• [REQUIRED ACTION] Produce a word-for-word copy of the lines from the one that contains "Electric Car Scratch" to the final line of the data below, with all pictures dropped.

• [COLLECTED MATERIAL]
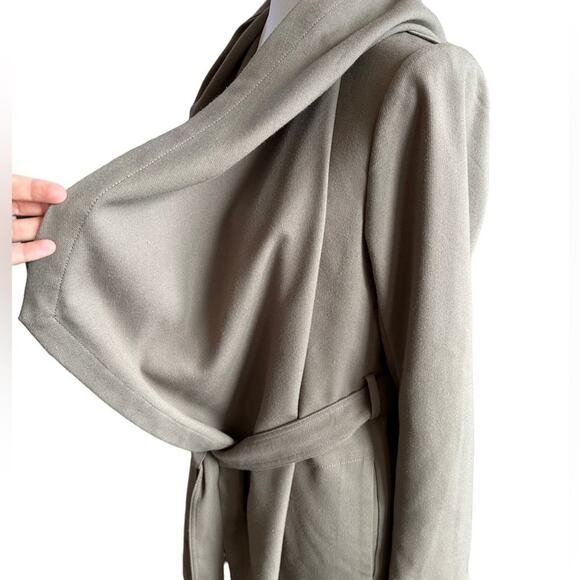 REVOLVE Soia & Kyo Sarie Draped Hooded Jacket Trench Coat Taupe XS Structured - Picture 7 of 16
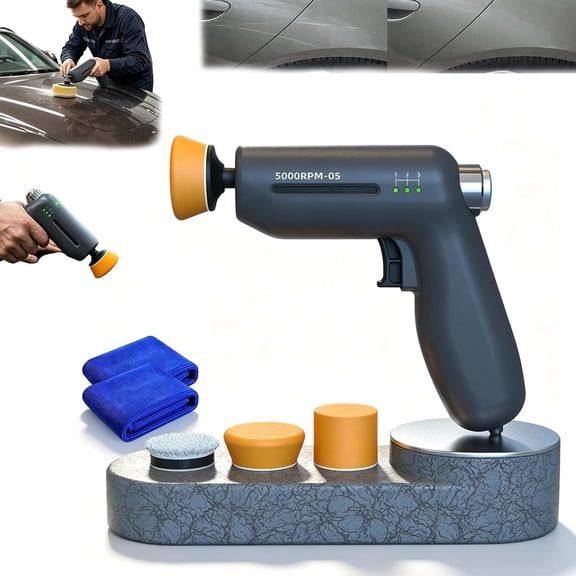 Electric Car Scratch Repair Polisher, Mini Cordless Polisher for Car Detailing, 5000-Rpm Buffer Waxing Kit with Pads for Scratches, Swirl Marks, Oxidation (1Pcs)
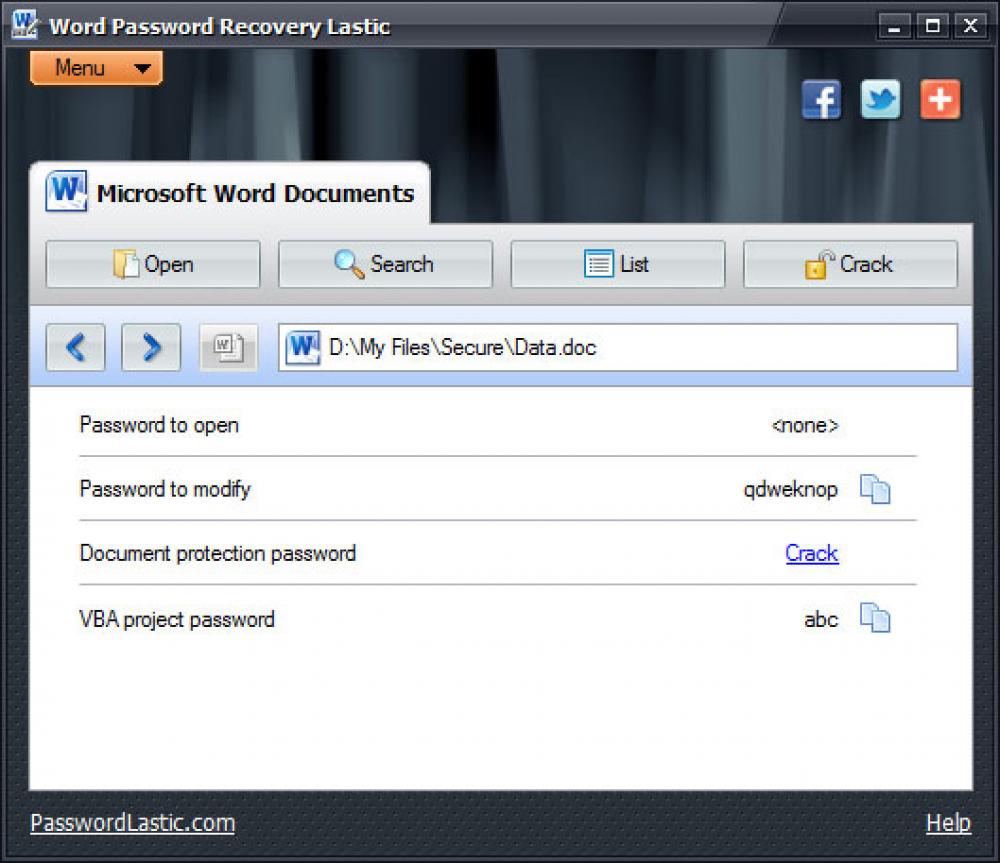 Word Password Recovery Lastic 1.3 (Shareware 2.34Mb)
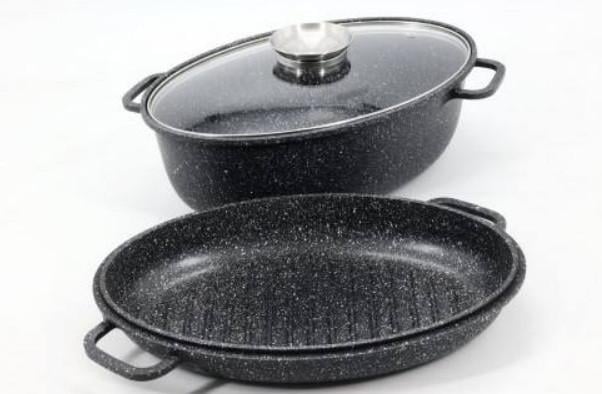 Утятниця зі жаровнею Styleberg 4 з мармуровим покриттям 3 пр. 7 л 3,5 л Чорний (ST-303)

• [SOLUTION]
 Electric Car Scratch Repair Polisher, Mini Cordless Polisher for Car Detailing, 5000-Rpm Buffer Waxing Kit with Pads for Scratches, Swirl Marks, Oxidation (1Pcs)
 Word Password Recovery Lastic 1.3 (Shareware 2.34Mb)
 Утятниця зі жаровнею Styleberg 4 з мармуровим покриттям 3 пр. 7 л 3,5 л Чорний (ST-303)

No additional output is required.